Armed with three Polaris 570 side-by-sides Darian, Gerry, Ken and Cherith recently kick-started Smithy's Offroad Safaris, with an idea to give tourists visiting Hyden a one to two hour real life and hands-on Wheatbelt farm experience.
"The majority of the tours will traverse the paddock and bush tracks that the race cars have been competing on for the last 20-odd years," Darian said.
"The idea is that we would take one cart as a tour guide and then the other two carts would follow, allowing for visitors to drive themselves."
Darian said there was also the potential for the family to purchase smaller 'trophy cart' models which would allow for children as young at 12 to take part in the driving experience.
"Travellers come to Wave Rock and ask, what more is there to do?" Darian said.
"The Hyden community is pushing for 'the two-day experience' so this kind of attraction might help to get tourists to stay overnight."
Just three kilometres past 'the Humps', another of Hyden's popular tourist stops, the farm, like many in the area, boasts abundant wildlife including red kangaroos, echidna and mallee fowl as well as lots of natural bush and wildflowers in good years.
"The tours are really flexible," Darian said.
"During harvest and seeding passers-by will have the opportunity to see machines working in the paddocks, witness beautiful sunsets and get an idea of what farm life is really like.
"Lots of our potential clients will be grey nomads and we'll be able to offer them an experience that they wouldn't normally get to have - one that farmers like us take for granted every single day."
Equipped with the on-farm racing facilities, Darian and his family also had long-term plans to turn the safari into a nature stay camping experience.
"We hope that might encourage a few more four-wheel-drive clubs to base themselves out of here when they do the Holland Track," Darian said.
"There's no writing off the idea that we might also be able to offer a two-day Holland Track tour some time in the future.
"It's early days yet but it's something else to work towards and it combines our family's love of off-roading with the cropping commitments we have here on the farm."
Darian said his crops were "a fair way behind" compared to this time last season even though they started off the season in great fashion.

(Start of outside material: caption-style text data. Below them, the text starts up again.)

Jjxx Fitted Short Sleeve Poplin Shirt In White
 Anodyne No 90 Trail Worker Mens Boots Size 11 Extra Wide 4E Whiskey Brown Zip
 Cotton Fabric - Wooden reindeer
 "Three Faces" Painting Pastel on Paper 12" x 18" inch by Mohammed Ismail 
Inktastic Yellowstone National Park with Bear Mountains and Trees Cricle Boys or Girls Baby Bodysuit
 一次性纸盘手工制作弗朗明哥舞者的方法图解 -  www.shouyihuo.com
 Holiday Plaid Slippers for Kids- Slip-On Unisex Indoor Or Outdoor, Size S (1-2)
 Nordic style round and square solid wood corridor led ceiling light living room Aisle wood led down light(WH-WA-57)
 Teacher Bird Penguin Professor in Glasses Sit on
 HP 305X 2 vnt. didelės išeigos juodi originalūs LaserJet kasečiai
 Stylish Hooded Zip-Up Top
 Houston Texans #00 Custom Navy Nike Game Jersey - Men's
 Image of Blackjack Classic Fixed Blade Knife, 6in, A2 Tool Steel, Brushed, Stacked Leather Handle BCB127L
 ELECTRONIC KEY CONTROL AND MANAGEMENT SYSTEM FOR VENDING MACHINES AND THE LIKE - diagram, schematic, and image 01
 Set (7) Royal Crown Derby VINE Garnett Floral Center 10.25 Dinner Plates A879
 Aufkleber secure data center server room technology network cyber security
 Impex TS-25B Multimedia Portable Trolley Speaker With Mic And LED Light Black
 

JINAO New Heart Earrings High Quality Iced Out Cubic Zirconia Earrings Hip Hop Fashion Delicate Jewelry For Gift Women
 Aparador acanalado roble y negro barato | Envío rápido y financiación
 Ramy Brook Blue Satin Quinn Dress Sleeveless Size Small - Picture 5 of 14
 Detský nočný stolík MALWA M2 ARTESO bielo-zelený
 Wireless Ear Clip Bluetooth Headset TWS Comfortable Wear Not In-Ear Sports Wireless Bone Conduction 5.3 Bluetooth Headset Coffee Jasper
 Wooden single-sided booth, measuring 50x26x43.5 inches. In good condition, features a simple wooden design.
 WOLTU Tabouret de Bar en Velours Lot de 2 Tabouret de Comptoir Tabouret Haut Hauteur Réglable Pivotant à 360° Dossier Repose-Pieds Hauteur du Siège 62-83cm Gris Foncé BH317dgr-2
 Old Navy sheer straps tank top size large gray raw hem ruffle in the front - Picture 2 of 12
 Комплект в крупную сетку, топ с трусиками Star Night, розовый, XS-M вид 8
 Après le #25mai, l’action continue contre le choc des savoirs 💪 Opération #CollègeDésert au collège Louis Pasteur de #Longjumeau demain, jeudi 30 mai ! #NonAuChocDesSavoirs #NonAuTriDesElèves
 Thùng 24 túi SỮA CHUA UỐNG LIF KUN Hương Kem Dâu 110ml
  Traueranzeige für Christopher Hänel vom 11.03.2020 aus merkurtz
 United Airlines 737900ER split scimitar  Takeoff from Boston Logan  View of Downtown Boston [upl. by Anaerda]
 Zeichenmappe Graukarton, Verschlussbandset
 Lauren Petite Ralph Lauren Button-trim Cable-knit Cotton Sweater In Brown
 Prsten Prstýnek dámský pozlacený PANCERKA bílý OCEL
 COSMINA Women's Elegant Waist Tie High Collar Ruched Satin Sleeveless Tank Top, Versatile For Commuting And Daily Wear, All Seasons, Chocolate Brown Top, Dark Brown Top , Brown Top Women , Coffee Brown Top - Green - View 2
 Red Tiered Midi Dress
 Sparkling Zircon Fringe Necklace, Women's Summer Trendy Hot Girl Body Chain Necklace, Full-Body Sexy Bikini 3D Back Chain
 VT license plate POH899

The Smith's North Hyden farm received about 22mm of rain when 80 per cent of the canola was planted in a dry ANZAC Day start.
"We had another good rainfall event a couple of weeks later," Darian said.
"We had 40mm in June and everything looked magic."
Two millimetres of rain followed in July and since then the Smith's biggest rainfall event saw nine millimetres recorded in the gauge.
"It's the one and two millimetre dribs and drabs which have kept the crops ticking along," Darian said.
"Between November and January we had about 112mm so our crops have tapped into that deep subsoil moisture to survive."
Like the majority of eastern Wheatbelt growers, Darian said his wheat had stood up to the dry weather substantially better than his barley plantings and he still wasn't sure how much everything would yield.
"Our really early wheat crops are looking really good," he said.
"At this stage they're almost looking as good as some of the better years but we won't really know until we get a header in there."
When Farm Weekly went to print at the beginning of the week the Smiths had swathed about 80 per cent of their canola and hoped to be finished within days.
"We won't get harvesting until Wednesday or Thursday next week," Darian said.
"For now, like all farmers, the cheque book is in the bottom draw and we'll look to consolidate until after harvest."